Posted on: February 26, 2021

wilkan
Verified ownerGames: 508 Reviews: 155
A Master w/ Major Gameplay Limitations
UNABLE RECOMMEND. Just get the Sims instead. Ghost Master seems like a very restrictive Sims 1 expansion anyway. The kind of expansion you quickly skim through and quickly move on from because it is simply too much work and have so many better alternatives anyway. There are very few pre-defined places you can use your powers. The Halloween premise about spooking is fresh and the production values are high. By seriously trying to best the Sims presentation-wise, it gets knee-capped by the object-specific interaction. This is supposed to be a creative problem solving game, yet you can only do what the devs specifically coded in to do by making the object interactions the center-piece of the gameplay.
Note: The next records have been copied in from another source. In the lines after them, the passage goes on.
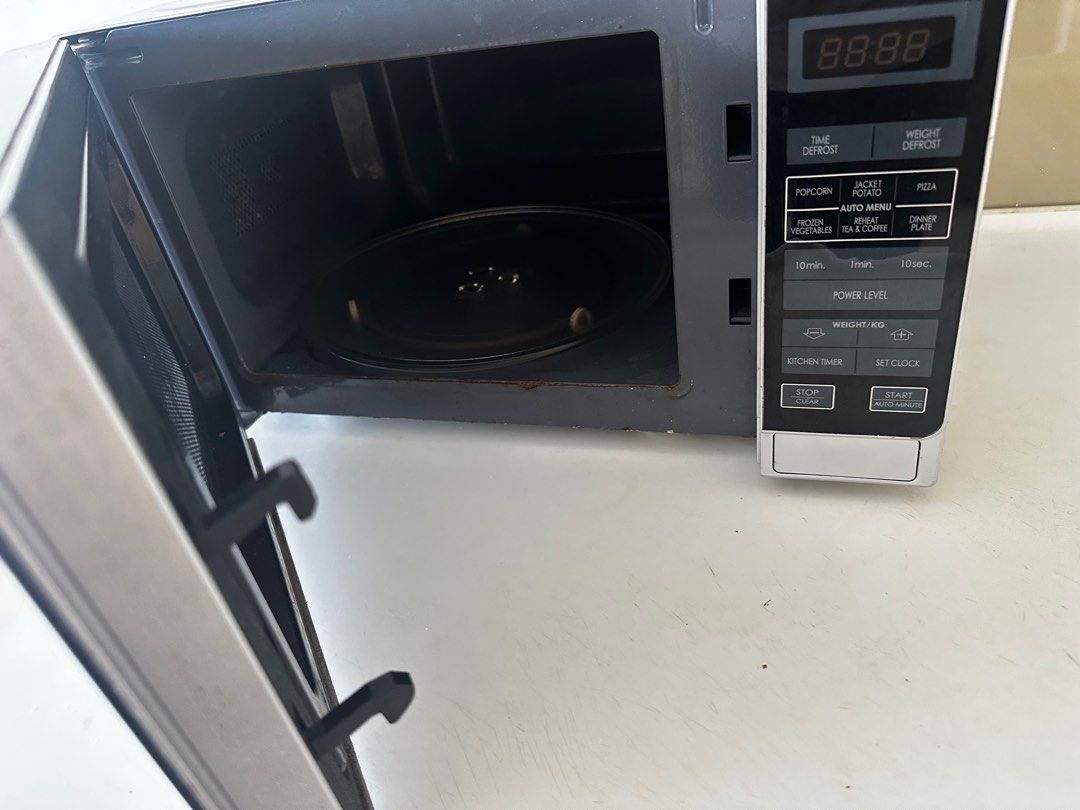 Sharp Microwave (Category: Ovens & Toasters) located in Singapore. Submitted by shrads_04 (Listing ID 1380554363, Image 2). Description: Selling lightly used Microwave because shifted to another house and it is not required as I already got another microwave here. .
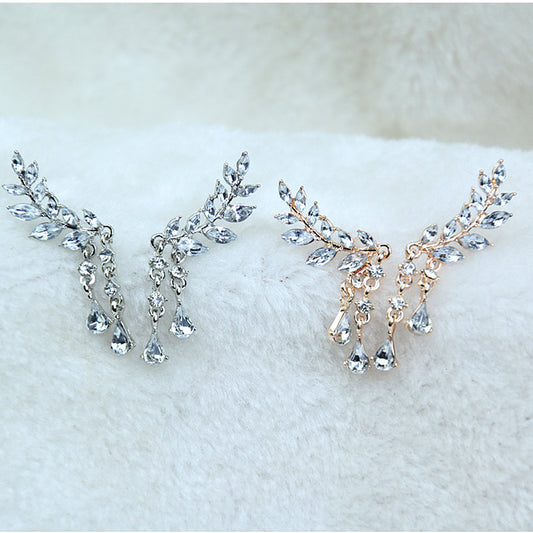 Aretes geométricos con borla larga elegante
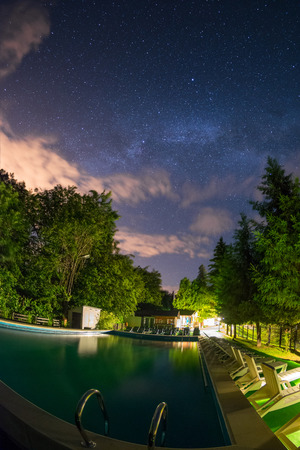 Milky way over the poolのeditorial素材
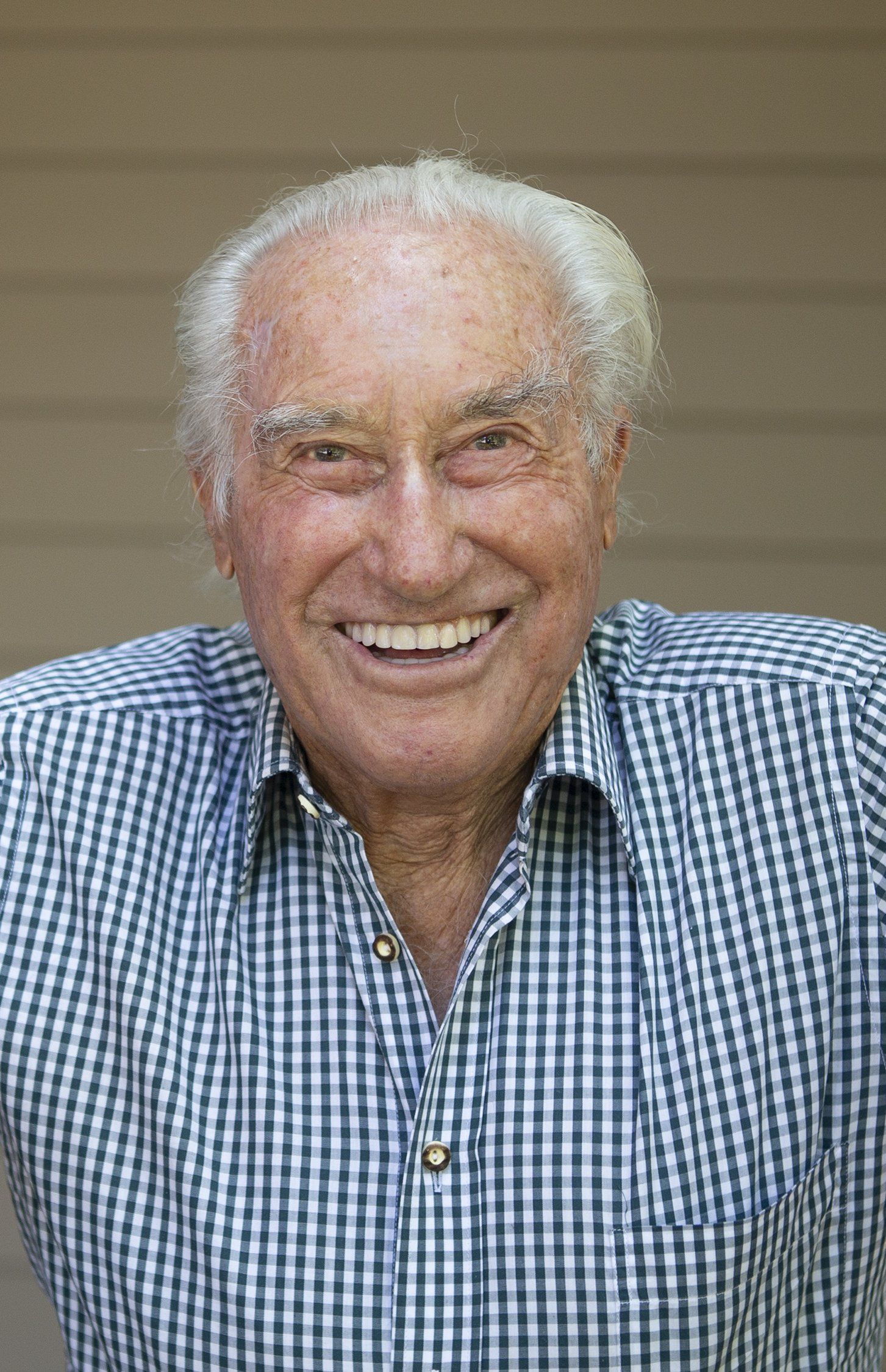 An elderly man in a plaid shirt is smiling for the camera.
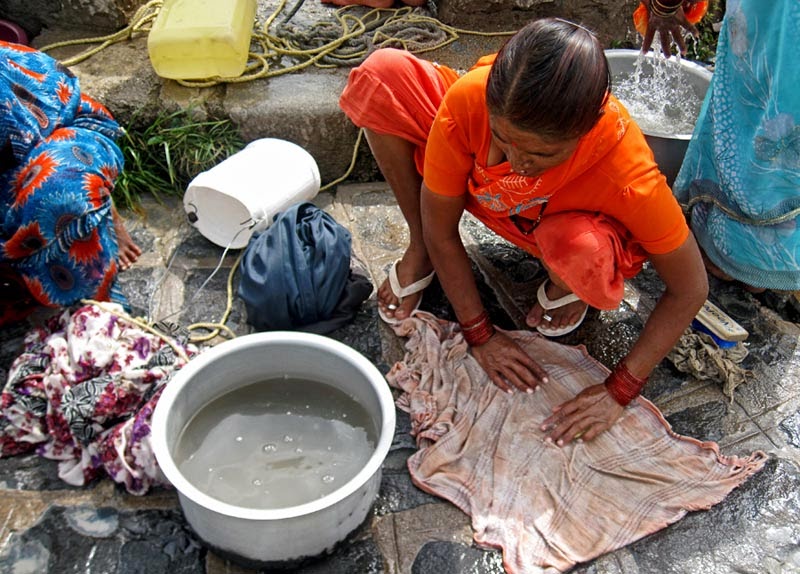woman washing clothes by hand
You can only place your ghosts where there is a space or an object that explicitly permits it. The gameplay limitations reduce the game to a well-poilished tower defense game, i.e. something quickly whipped up with Flash or Java. Also, you are expected to read through every single creature bio to figure out what you are supposed to do and how, hammering in how preordained a big chunk of the successful playing is. Also, it uses time to measure success, as if that was not the worst and the most stressful success criteria of the old games. The time does not stop when you are studying the "sims" you are supposedly spook, which means your first attempt in a location is a guaranteed partial failure as you are casing the map while the time is ticking. All in all, Ghost Master mostly at underlining why and how the Sims was so successful: making room for creativity and freedom with minimal text-processing requirements despite being a borderline architecture simulator. Even failing feels great in Sims. The good-looking assets are squandered with the limited and inherently non-fun gameplay. The game gets really laggy on my potato during cutscenes and becomes almost unplayably non-responsive once you have three ghosts using area-of-effect powers.